- EXERCISE -
Reproduce every line of the listing exactly.

- DATA EXCERPT -

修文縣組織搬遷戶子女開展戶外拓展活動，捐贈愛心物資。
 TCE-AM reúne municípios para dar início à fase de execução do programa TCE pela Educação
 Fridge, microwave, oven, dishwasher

- ANSWER -
修文縣組織搬遷戶子女開展戶外拓展活動，捐贈愛心物資。
 TCE-AM reúne municípios para dar início à fase de execução do programa TCE pela Educação
 Fridge, microwave, oven, dishwasher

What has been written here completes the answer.